At runtime, when the closure is executed, the underlying function receives the closure environment, from which it loads any free vars. In my own Erlang compiler, the closure environment was given via pointer, as the first argument to the function, and then instructions were emitted to load free variables relative to that pointer. I believe BEAM does the same thing, but it may differ in the specific details, but conceptually that is how it works.

The compiler obviously must generate a new free function definition for closures with free variables (hence the name of the function you see in the interactive shell, or in debug output). The captured MFA of the closure is this generated function. The runtime distinguishes between the two types of closures (function captures vs actual closures) based on the metadata of the func value itself.

Like I mentioned near the top, it's worth bearing in mind that the compiler can also do quite a bit of simplification and optimization during compilation to BEAM - so there may be cases where you end up with a function capture instead of a closure, because the compiler was able to remove the need for the free variable in cases like your example, but I can't recall what erlc specifically does and does not do in that regard.

[Muromec]

> let's assume that `Val` is an argument to the current function in which `SumFun` is defined, and so the compiler cannot reason about the actual value that was bound.

That was exactly the case I was talking about, because otherwise there is no need to even make arity 2 function. If the value is known at compile time, the constant is embedded into the body of inlined function.

>At runtime, when the closure is executed, the underlying function receives the closure environment, from which it loads any free vars.

To my understanding, no it doesn't, as the value is resolved when the function pointed is created, not when the underlying function executes, which the code you linked shows too. I know it uses the "env" as a structure field, but it's partial application, not the actual closure which has access to parent scope. Consider two counter examples in python:

    for x in range(1,10): ret.append(partial(lambda y: y*2, x)) # that's what erlang does

    for x in range(1,10): ret.append(partial(x, lambda y: y*2)) # that's an actual closure, as all lambdas will return 18 because x is captured from the parent context

But then again, it doesn't matter since variables are assigned only once.

>Like I mentioned near the top, it's worth bearing in mind that the compiler can also do quite a bit of simplification and optimization during compilation to BEAM - so there may be cases where you end up with a function capture instead of a closure, because the compiler was able to remove the need for the free variable in cases like your example, but I can't recall what erlc specifically does and does not do in that regard.

I was looking into it a week ago, and erlc does what I described when it can't figure out the constant at compile time.

add: If we are at it, BEAM doesn't even know about variables, only values and registers anyway, so it has nothing to capture anyway.

[bitwalker]

> To my understanding, no it doesn't, as the value is resolved when the function pointed is created, not when the underlying function executes, which the code you linked shows too.
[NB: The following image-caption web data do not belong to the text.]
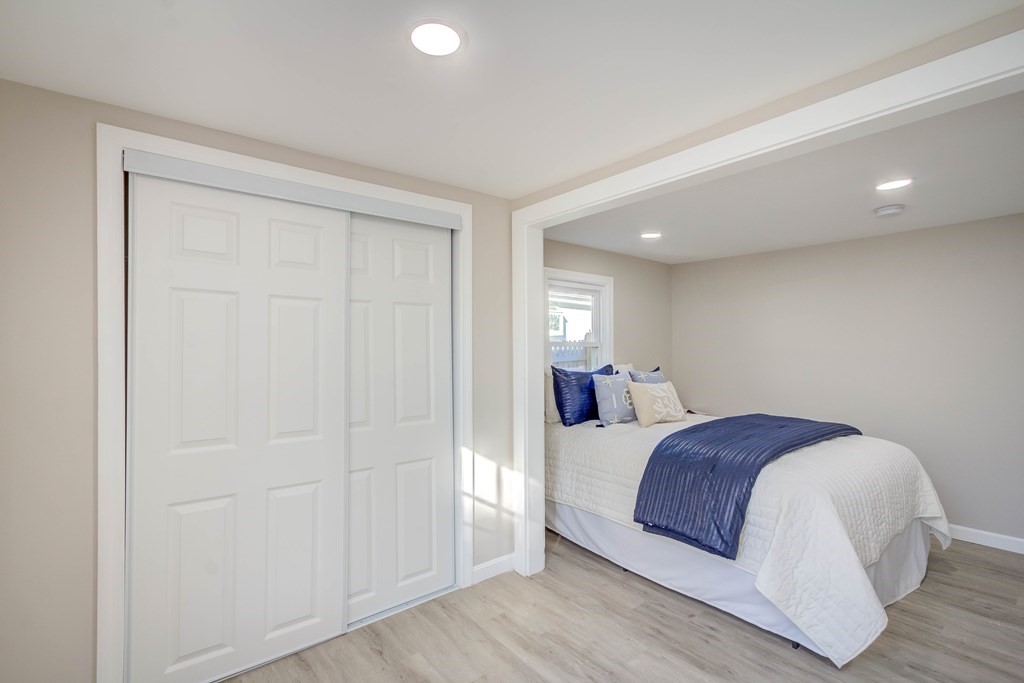 14 Pinehurst Drive Wareham, MA 02571 - Photo 33 of 39 a bedroom with a bed and window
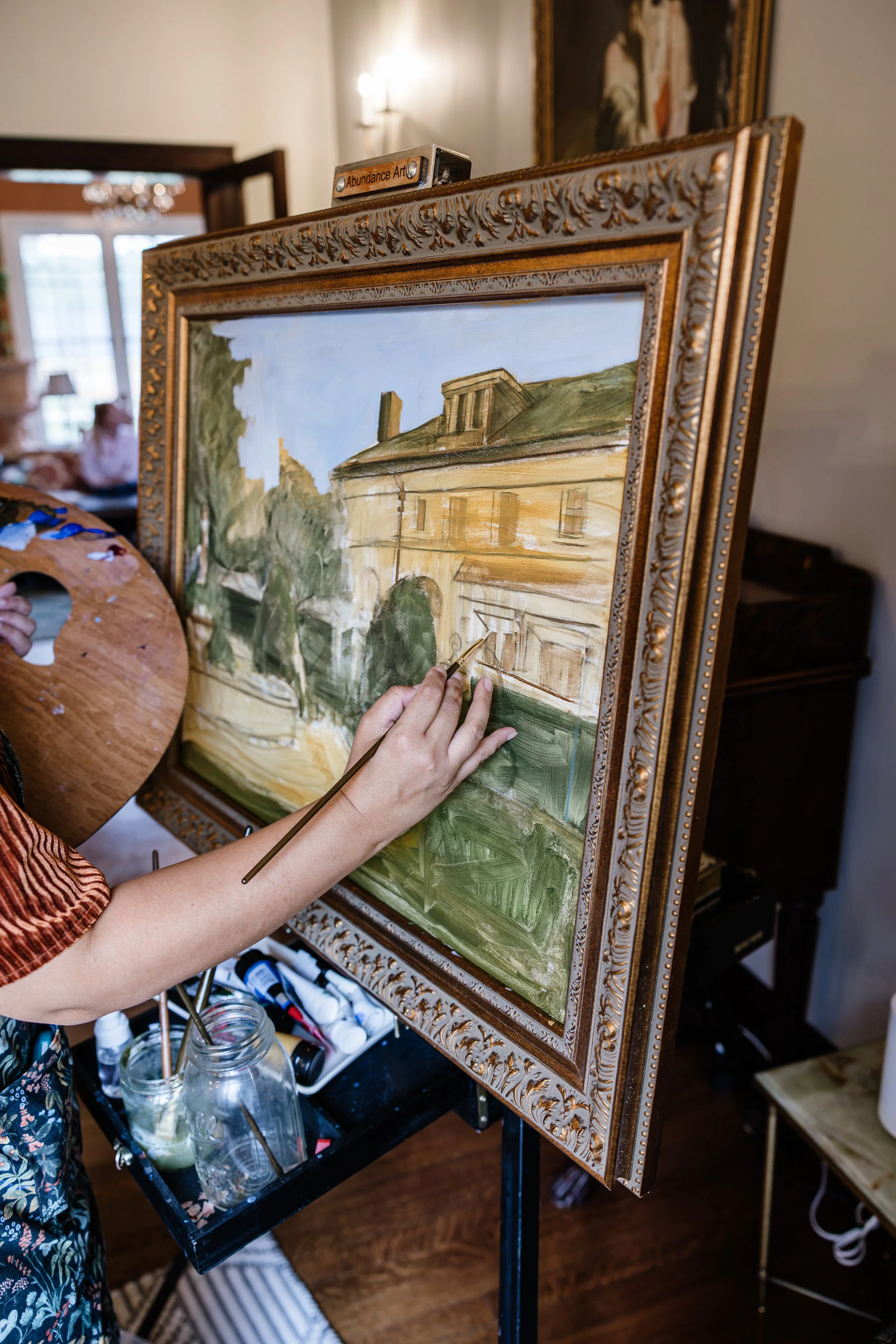 Hallie LeBlanc painting live during the ceremony to capture the light of the site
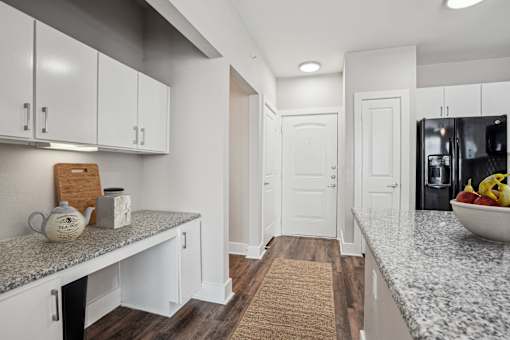 A kitchen with white cabinets and a granite countertop at Highline Urban Lofts Apartments, Texas, 77429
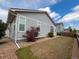 Exterior side view of a home with landscaped backyard and blue sky at 1688 Aquamarine Dr, Brighton, CO 80603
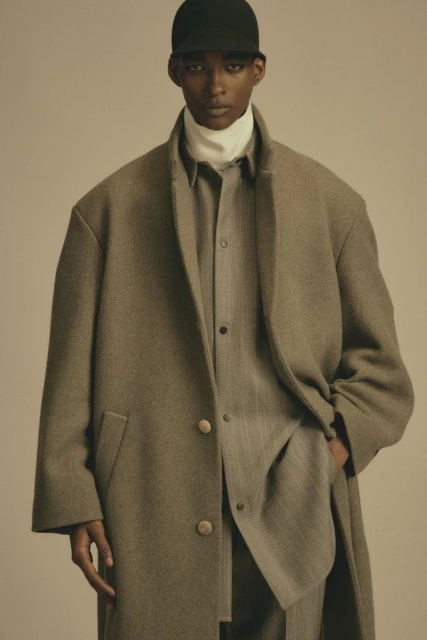 Fashion portrait of a young adult Black man in a wool coat, baseball cap, and suit in a neutral studio setting with soft lighting.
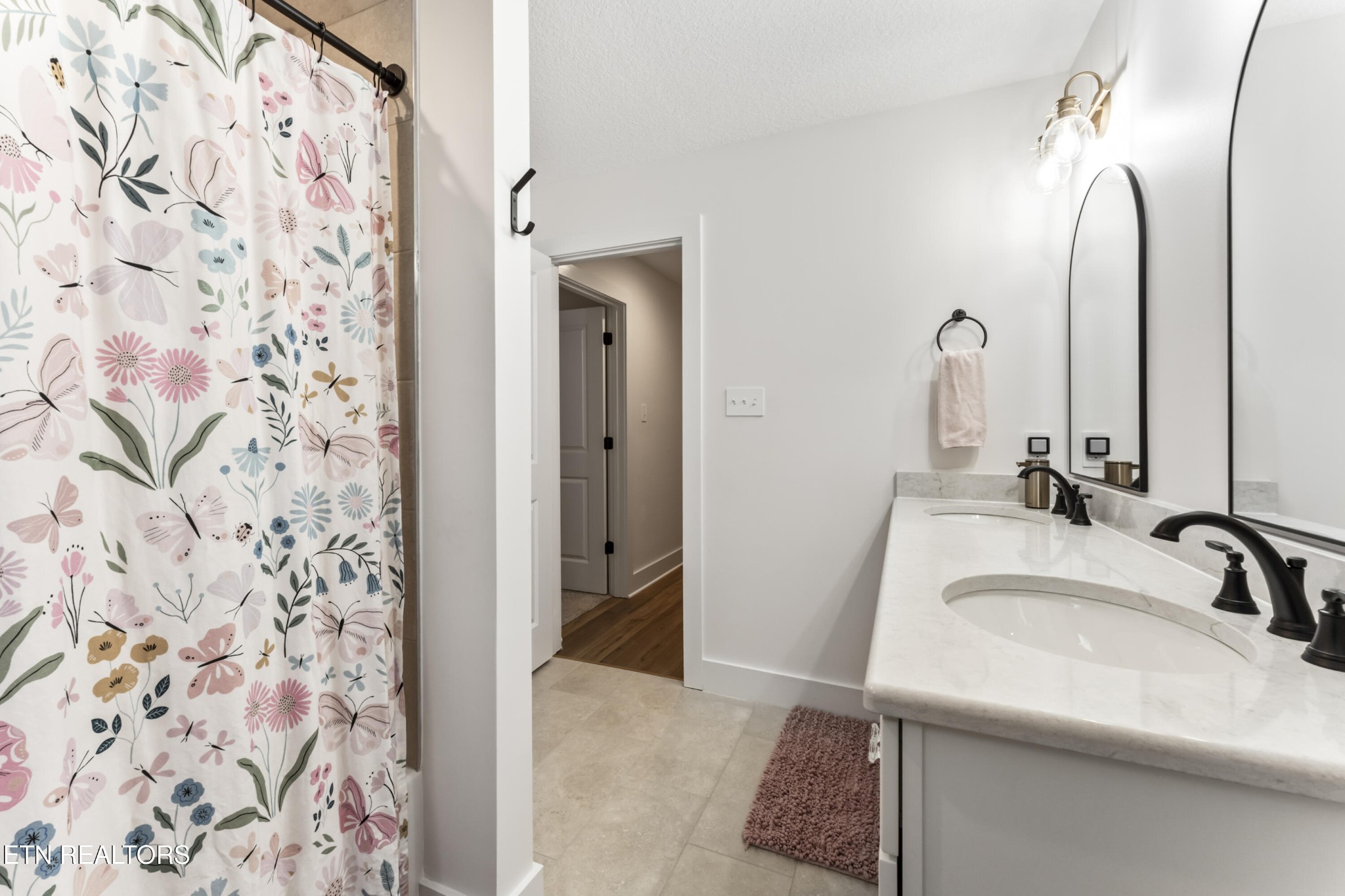 2815 Green Summers Road Knoxville, TN 37938 - Photo 31 of 50 a bathroom with a sink and a mirror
I know it uses the "env" as a structure field, but it's partial application, not the actual closure which has access to parent scope

The code I linked literally shows that the closed-over terms are written into the closure environment when the fun is created, and if any term is a heap allocated object, it isn't copied into the closure, only the pointer is written into the env. The only reason you can't observe the effects of mutability here is because, unlike Python, there is no way to mutate bindings in Erlang.

Again, this isn't partial application - not in implementation nor in semantics.

[Muromec]

>Again, this isn't partial application - not in implementation nor in semantics.

Maybe you will change your opinion if you take a look at the code 'erlc -S' produces for the inline function.